Ayra menoleh, senyumnya adalah jembatan rapuh yang dibangun di atas jurang kesabaran. “Tidak sekejam janji balasan di padang yaumil hisab kelak,” jawabnya, suaranya mengandung gemuruh ikhlas.
“Allah, Dia Maha Adil,” sahut perempuan di sisinya, mengamini.
“Sangat adil,” Ayra membalas, seuntai kata yang terlepas dari kerongkongan yang tercekat.
Lalu, sosok itu pergi, meninggalkan Ayra bersama sunyi yang semakin pekat. Ayra, yang tengah berlayar di samudra cobaan, berjuang agar bahteranya tak karam dalam badai keputusasaan.
Kini, ia benar-benar sendirian. Keluarganya adalah tungku yang hampir padam; ibunya terbaring, napasnya memanggil obat yang harganya setinggi langit, dan adik-adiknya, tunas-tunas harapan yang terancam layu tanpa air ilmu.
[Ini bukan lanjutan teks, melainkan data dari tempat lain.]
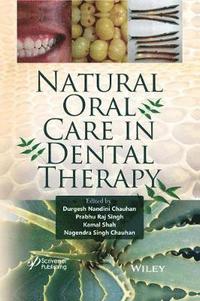bokomslag Natural Oral Care in Dental Therapy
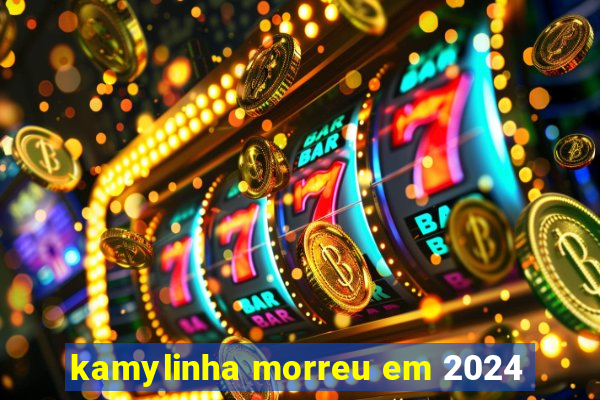 kamylinha morreu em 2024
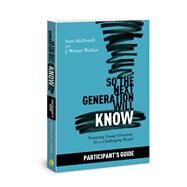 So the Next Generation Will Know Participant's Guide Preparing Young Christians for a Challenging World by McDowell, Sean; Wallace, J. Warner, 9781434712295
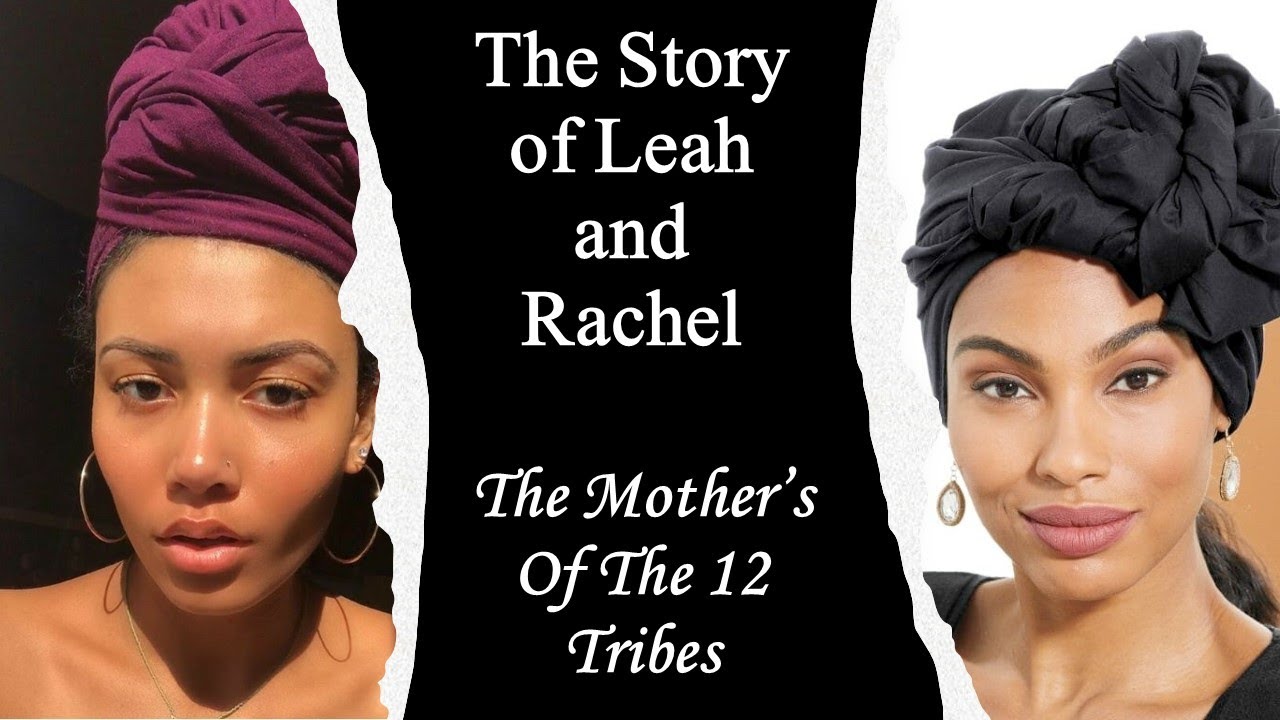What Does The Story Of Leah And Rachel Teach Us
Dompetnya adalah cermin kehampaan, dan perutnya, sebuah genderang lapar yang ditabuh tanpa henti.
Ia memejamkan mata, membiarkan embun air mata membasahi pipi. “Ya Allah, Rabb-ku. Di mana ujung dari tikungan takdir ini? Aku lelah mengeja sabar. Jarak antara hamba dan pertolongan-Mu terasa seluas langit tak bertepi. Tunjukkan hamba, di mana letak jari-jari lembut Tangan Tuhan itu?”
Dalam hening yang sakral, saat Ayra merasa dirinya adalah debu yang tersapu badai, pandangannya menangkap sebuah anomali. Di bawah naungan bangku yang ia duduki, tersembunyi setengahnya oleh bayangan, sebuah amplop cokelat tebal.
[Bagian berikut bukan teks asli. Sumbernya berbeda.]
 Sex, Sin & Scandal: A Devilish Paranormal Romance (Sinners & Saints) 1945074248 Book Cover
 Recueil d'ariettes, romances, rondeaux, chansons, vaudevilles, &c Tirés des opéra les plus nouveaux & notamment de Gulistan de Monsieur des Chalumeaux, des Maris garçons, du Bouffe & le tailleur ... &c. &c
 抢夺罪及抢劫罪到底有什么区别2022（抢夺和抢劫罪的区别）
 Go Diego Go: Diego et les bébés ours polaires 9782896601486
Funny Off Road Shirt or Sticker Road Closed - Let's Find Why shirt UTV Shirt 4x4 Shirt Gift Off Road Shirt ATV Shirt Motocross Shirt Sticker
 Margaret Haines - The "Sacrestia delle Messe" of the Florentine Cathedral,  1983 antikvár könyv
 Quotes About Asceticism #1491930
Napas Ayra tertahan. Tangannya gemetar menyentuh kertas itu, merasakan denyut misteri yang ia bawa. Bukan keserakahan yang mendorongnya, melainkan desakan naluriah dari jiwa yang hampir mati kehausan.
Amplop itu terbuka. Matanya membesar, seolah retina tak sanggup menampung cahaya yang tiba-tiba menyinari kegelapan. Di dalamnya, tumpukan lembar uang yang menjanjikan napas bagi tungku keluarganya, obat bagi ibunya, dan masa depan bagi adik-adiknya. Jumlahnya melampaui kebutuhan sesaatnya.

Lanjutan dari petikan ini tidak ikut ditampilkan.